Remember "Clinton Fatigue"?
It was the notion that people—even people who basically supported Bill Clinton—eventually got so sick of all the ginned-up "scandals" surrounding his administration that they finally just wanted it to be over. When they turned on their TVs, they wanted something—anything!—besides Whitewater or Monica's dress blaring at them.
Supposedly, Clinton Fatigue was part of the reason Al Gore "lost" in 2000, and it was probably part of the reason that Gore chose—wrongly, it appears—to downplay his connection to the Clinton administration. Nonetheless, it probably cost Gore some votes.
Now, of course, the Republicans have a new target for their efforts to induce voter fatigue, and they're giving it their best shot. And complicating the picture is the fact that waiting on deck to succeed Obama is … another Clinton!
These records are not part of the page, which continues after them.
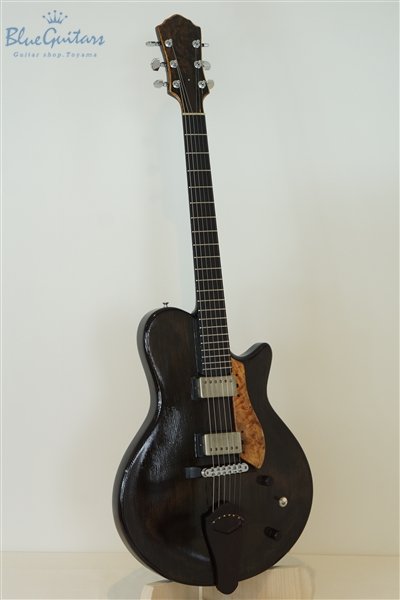 Arcus Thinbody Archtop (Non Hole) - Sumi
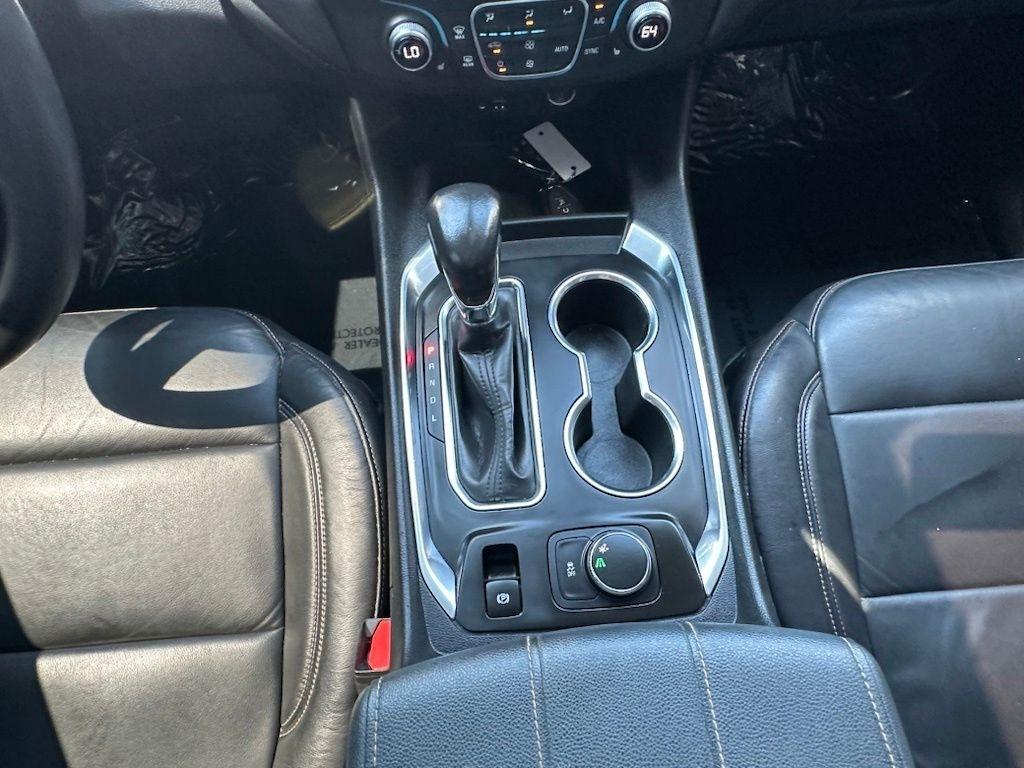 Chevrolet Traverse FWD 4dr LT Leather 2021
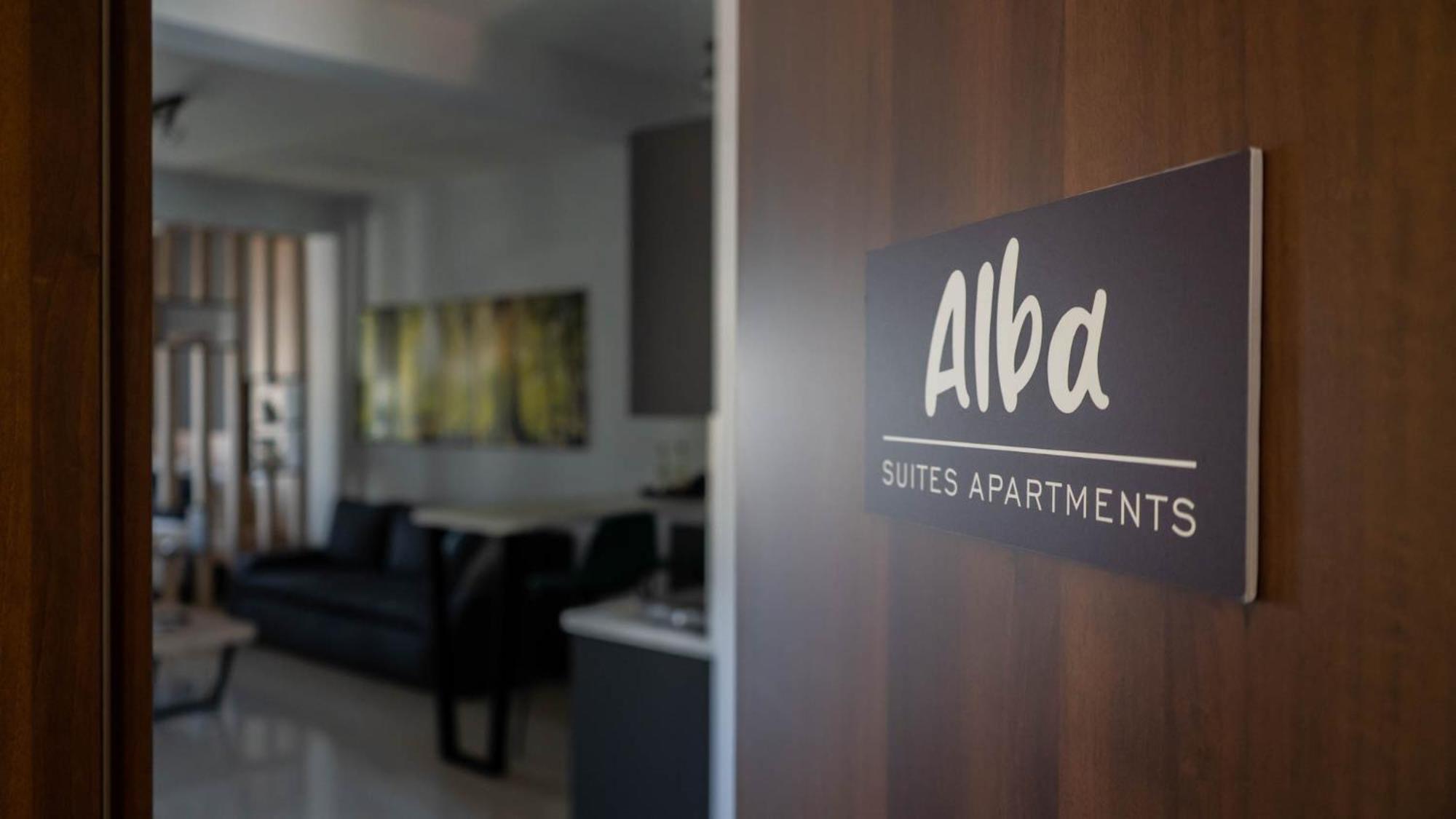 Alba Suite Apartment Каламбака Екстер'єр фото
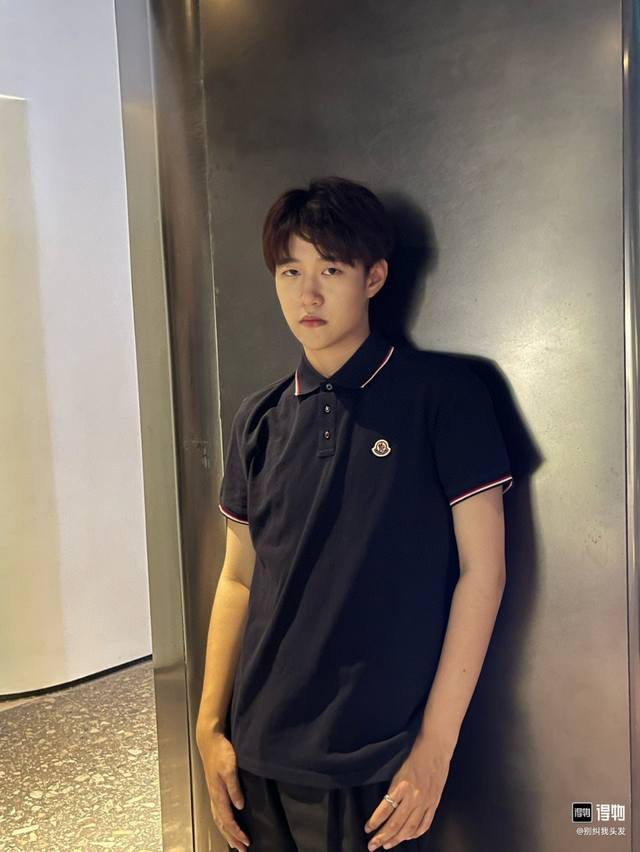 p90 Moncler 蒙口 经典Logo 刺绣 拼色领 升级,灵感源自八十年代复古 原版面料 官方同款 polo衫 定制 同缸染面料 手感非常舒服 春 p90 Moncler 蒙口 经典Logo 刺绣 拼色领 升级,灵感源自八十年代复古 原版面料 官方同款 polo衫 定制 同缸染面料 手感非常舒服 春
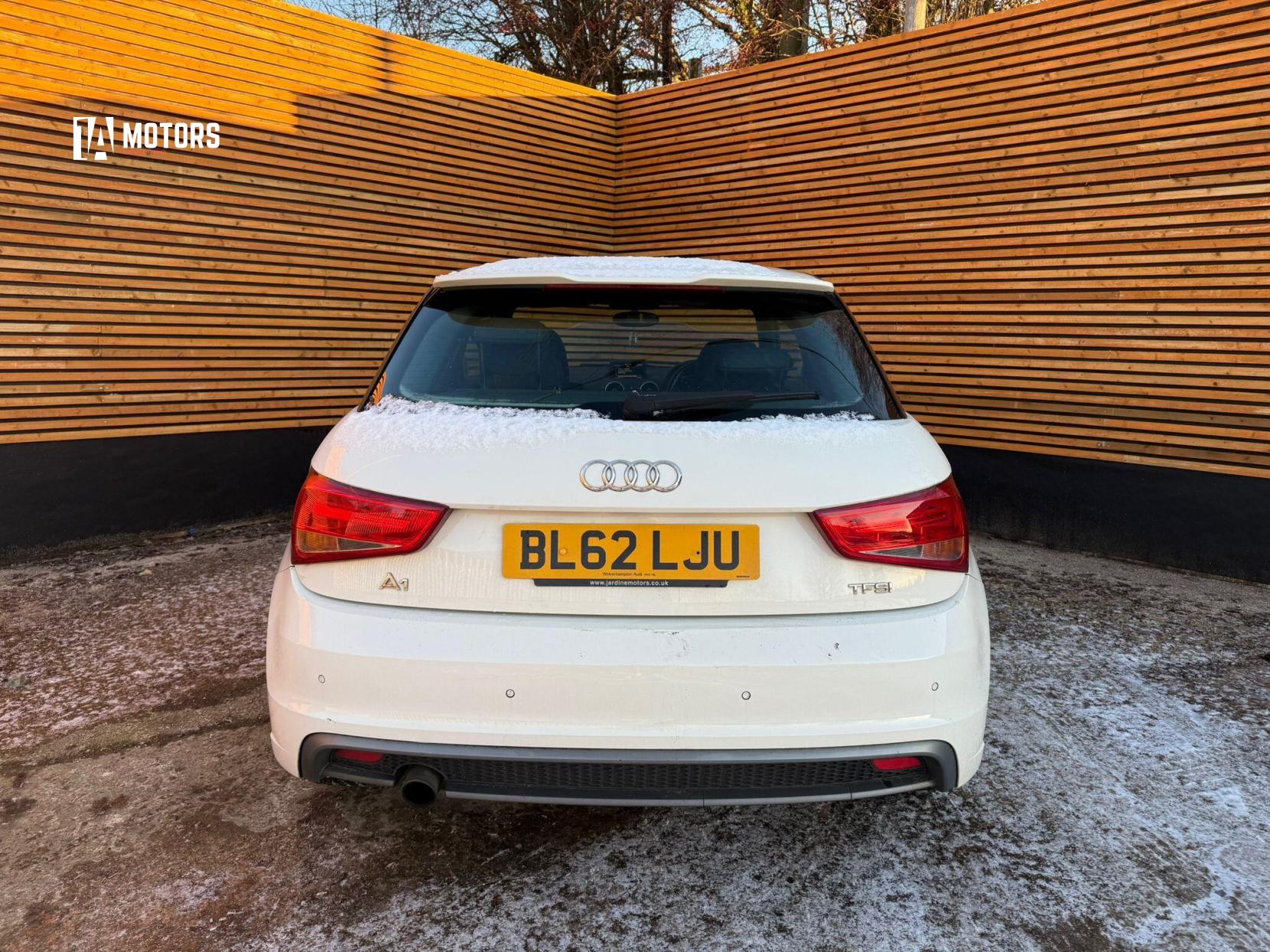 Audi A1 1.2 TFSI S line Hatchback 3dr Petrol Manual Euro 5 (s/s) (86 ps)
Benghazi was their opening salvo in the campaign, and it gave them a twofer: a chance to launch Obama Fatigue while hopefully reviving Clinton Fatigue.
As we get closer to 2016, we can expect lots more of this, and Democratic strategists need to be looking for ways to defuse the fatigue blitz.
Will the strategy succeed? Beats me. We know that Obama remains personally very popular and that Hillary is one of the most admired women in the world, so you could say the R's have their work cut out for them.
But here's the big X-factor: the role of the media in echoing and amplifying the fake scandals into a constant din that might succeed in inducing the desire among some voters to Just Make It Stop.
Republicans do what they do. Sad, but a fact of life. The real danger is when the media willingly play along.